Friday, March 02, 2007

A Making Available Right?

In a routine suit against downloading via KaZaA, and in an opinion that focused almost entirely on the consequences of spoilation of evidence, Judge Cynthia Rufe of the Eastern District of Pennsylvania, in Motown Records Co. v. Theresa DePietro, Civ. No. 04-CV-2246 (Feb. 16, 2007)(HT to Paul Fakler), tossed off these remarks (p. 7):

A plaintiff claiming infringement of the exclusive-distribution right can establish infringement by proof of actual distribution or by proof of offers to distribute, that is proof that the defendant "made available" the copyrighted work. [38]
[38]. While neither the United States Supreme Court nor the Third Circuit has confirmed a copyright holder's exclusive right to make the work available, the Court is convinced that 17 U.S.C. § 106 encompasses such a right based on its reading of the statute, the important decision in A&M Records, Inc. v. Napster, Inc., 239 F.3d 1004 (9th Circuit 2001), and the opinion offered by the Register of Copyrights, Marybeth Peters, in a letter to Congressional hearings on piracy of intellectual property on peer-to-peer networks, Letter from Marybeth Peters, Register of Copyrights, to Rep.
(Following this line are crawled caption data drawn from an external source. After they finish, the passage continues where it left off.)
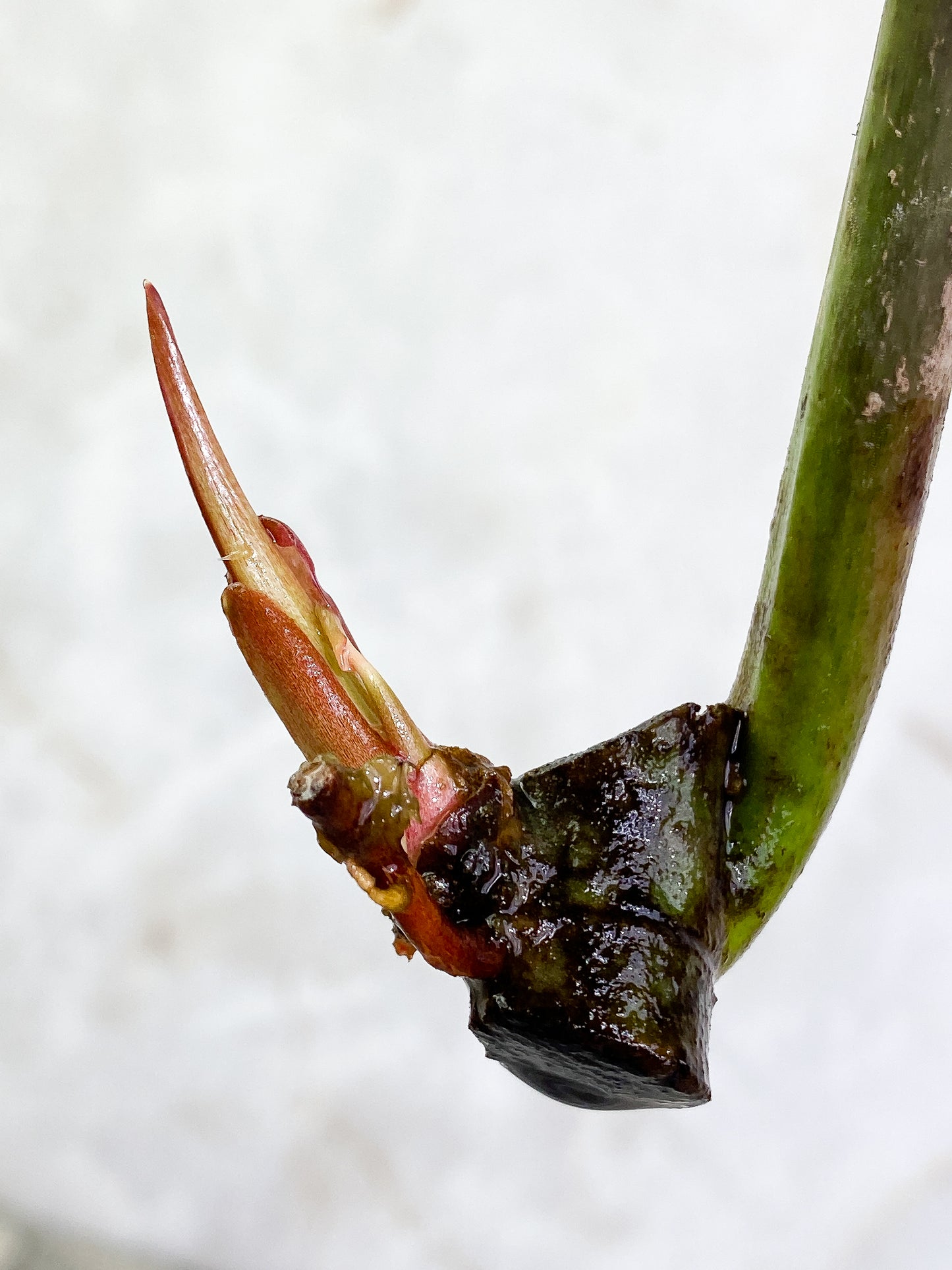 Philodendron Snow Drift 1 leaf 1 sprout Rooting
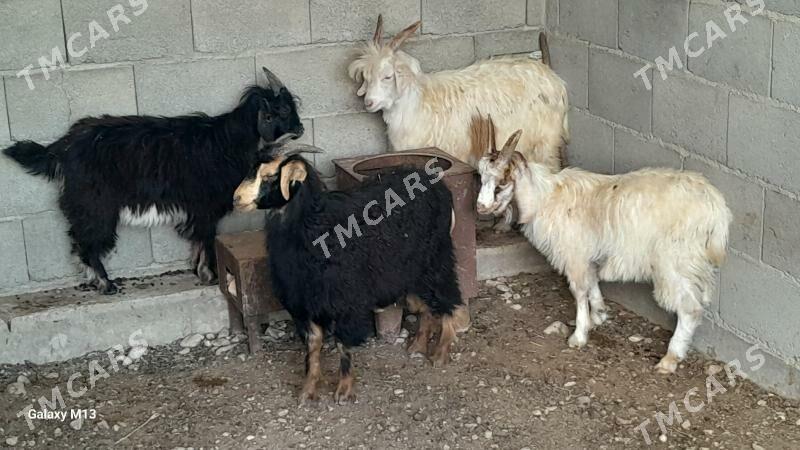 çebiṣ - Balkanabat - img 3
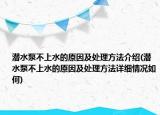 潜水泵不上水的原因及处理方法介绍(潜水泵不上水的原因及处理方法详细情况如何)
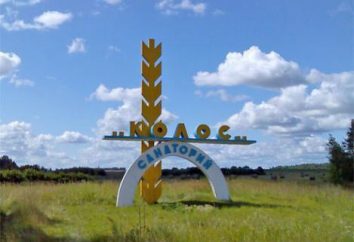 Sanatório "Kolos" Kostroma: comentários de turistas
Howard Berman, from the 28th Dist. of Cal. (Sept. 25, 2002)("[M]aking [a work] available for other users of [a] peer to peer network to download ... constitutes an infringement of the exclusive distribution right, as well as the reproduction right").

Ray Beckerman has a wrap up of some recent cases here in a January 22, 2007 article in the Hollywood Reporter. Professor Jane Ginsburg has an article about the issue from an international perspective here.

10 comments:

JW said...

I don't believe you got the entire quote:

While neither the United States Supreme Court nor the Third Circuit Court of Appeals has confirmed a
copyright holder’s exclusive right to make the work available, the Court is convinced that 17 U.S.C. § 106
encompasses such a right based on its reading of the statute, the important decision in A&M Records, Inc. v.
Napster, Inc., 239 F.3d 1004 (9th Cir. 2001), and the opinion offered by the Register of Copyrights, Marybeth
Peters, in a letter related to Congressional hearings on piracy of intellectual property on peer-to-peer networks, Letter
from Marybeth Peters, Register of Copyrights, to Rep. Howard L. Berman, Rep. from the 28th Dist. of Cal. (Sept. 25,
2002) (“[M]aking [a work] available for other users of [a] peer to peer network to download . . . constitutes an
infringement of the exclusive distribution right, as well as the production right.”).

Eric Goldman said...

This issue also came up in the Interscope v. Duty case. http://blog.ericgoldman.org/archives/2006/06/music_file_in_p.htm Eric.

William Patry said...

Fixed, thanks. I had already corrected the Court's "production" right to "reproduction" right.

Anonymous said...

I guess that I'm distributing a work when I let a friend come over to my house to read or watch it. Public libraries are equally culpable when they let people borrow a book, or just as bad, read the book in the library. Sheesh! Napster and Marybeth P said nothing of the kind.

Anonymous said...

Deference to the Register of Copyright's opinion here is an abuse of discretion.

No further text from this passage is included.